START Input records

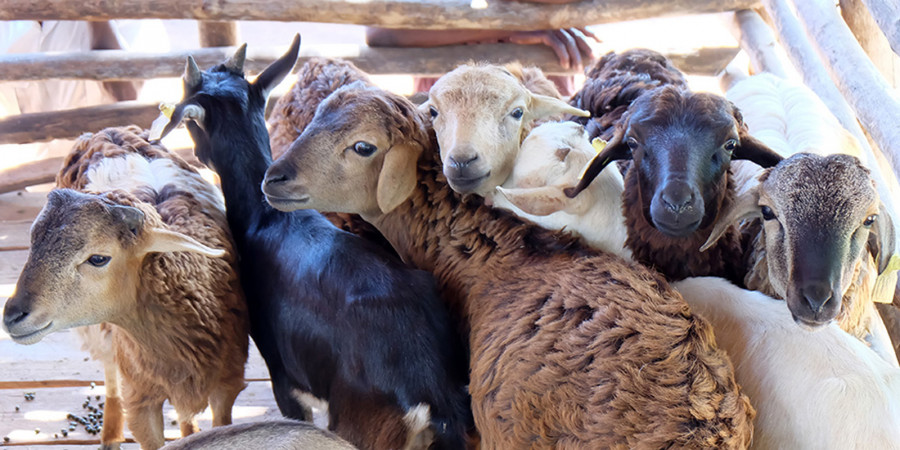 Tiermaerkte tansania nutztiere tierschutz markt welttierschutzgesellschaft 6
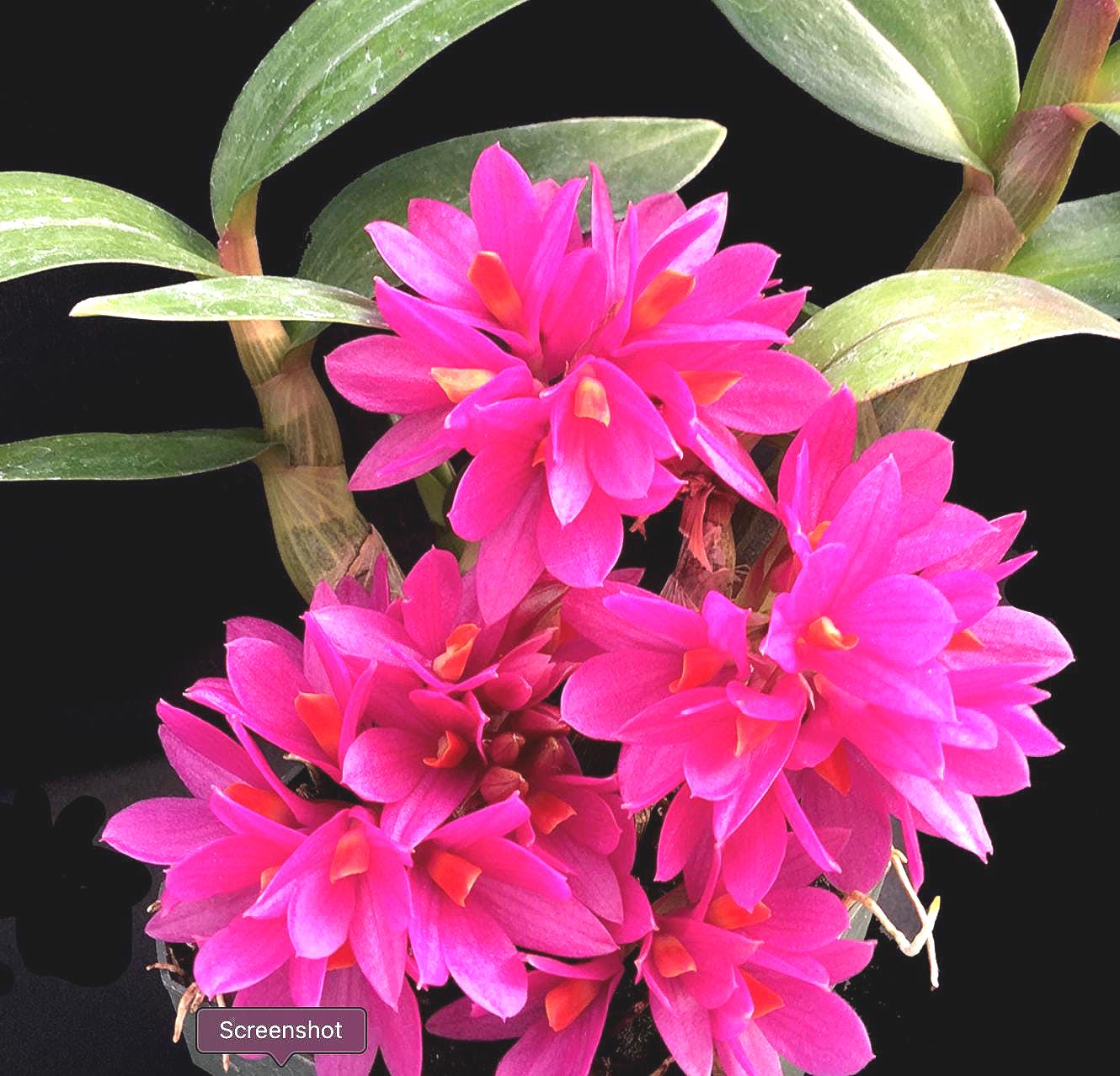 Dendrobium Hibiki Orchid Hybrid - Etsy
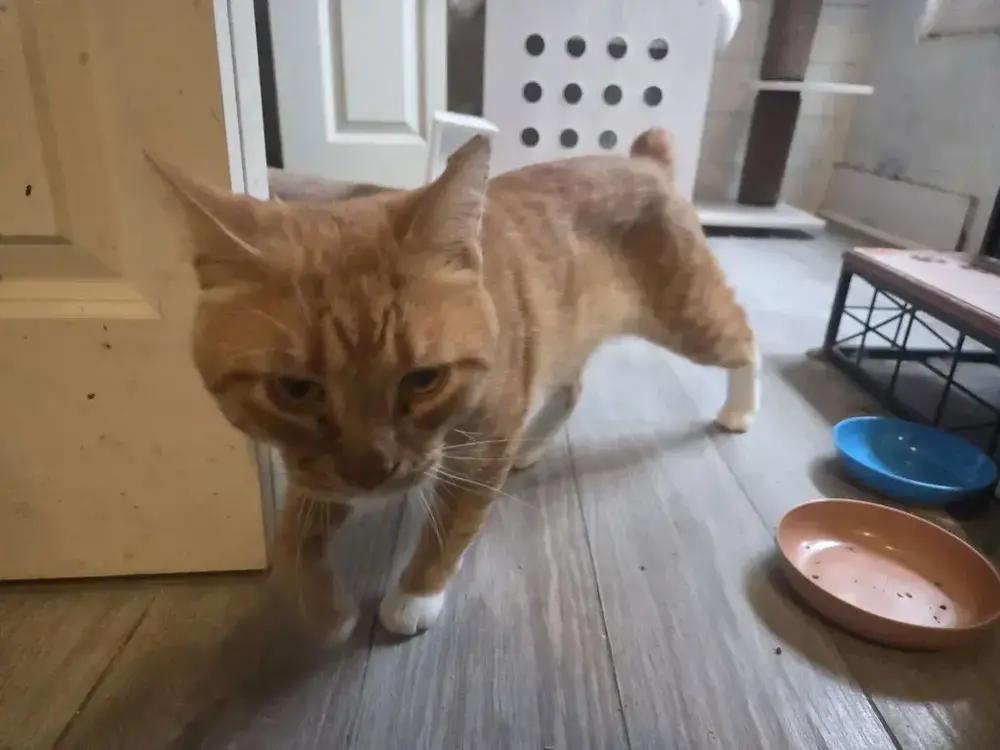 Enlarge Faramir, a Adoptable Domestic Short Hair in Grand Rapids, MI image 2/6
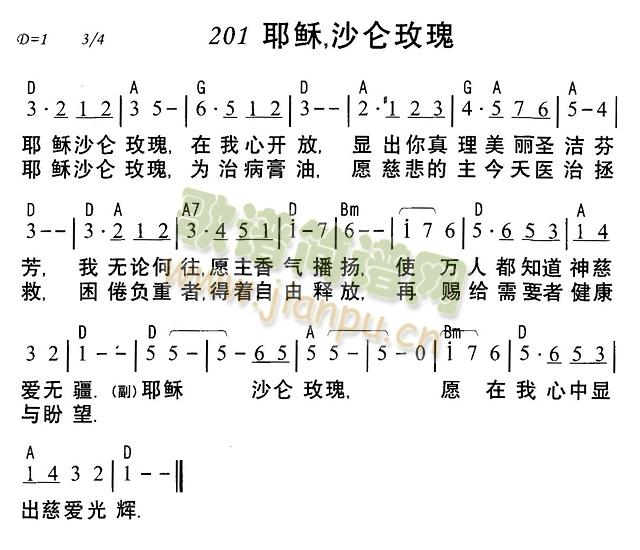 耶稣沙仑玫瑰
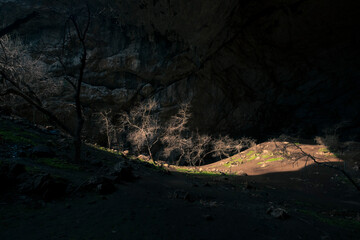 Fototapeta na wymiar Huge illuminated cave Ak-Mechet with a grove of trees in southern Kazakhstan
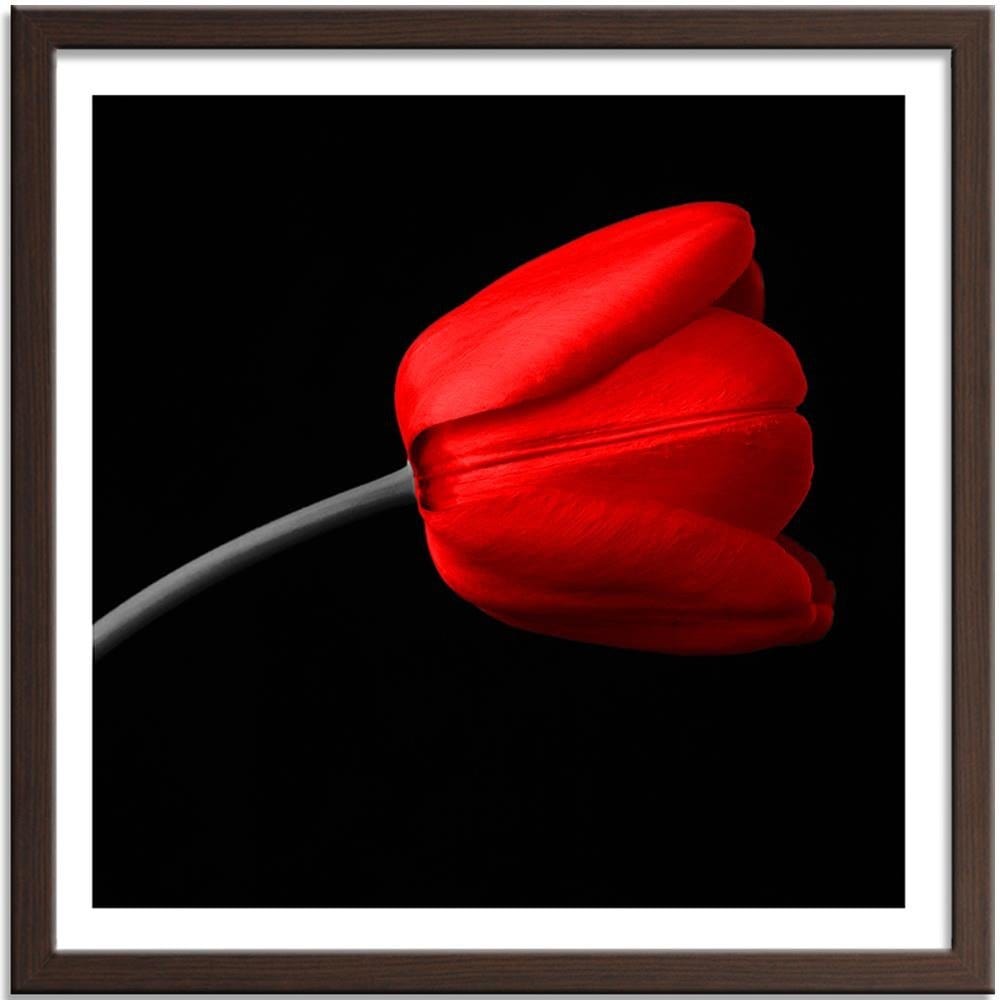 Glezna brūnā rāmī - Red Tulip Home Trends DECO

END Input records

• Instructions for the task: Nothing but the lines from the one containing "Enlarge Faramir, a" through the last line of the data should appear in the answer, copied exactly, with pictures excluded.

• Finished task:
 Enlarge Faramir, a Adoptable Domestic Short Hair in Grand Rapids, MI image 2/6
 耶稣沙仑玫瑰
 Fototapeta na wymiar Huge illuminated cave Ak-Mechet with a grove of trees in southern Kazakhstan
 Glezna brūnā rāmī - Red Tulip Home Trends DECO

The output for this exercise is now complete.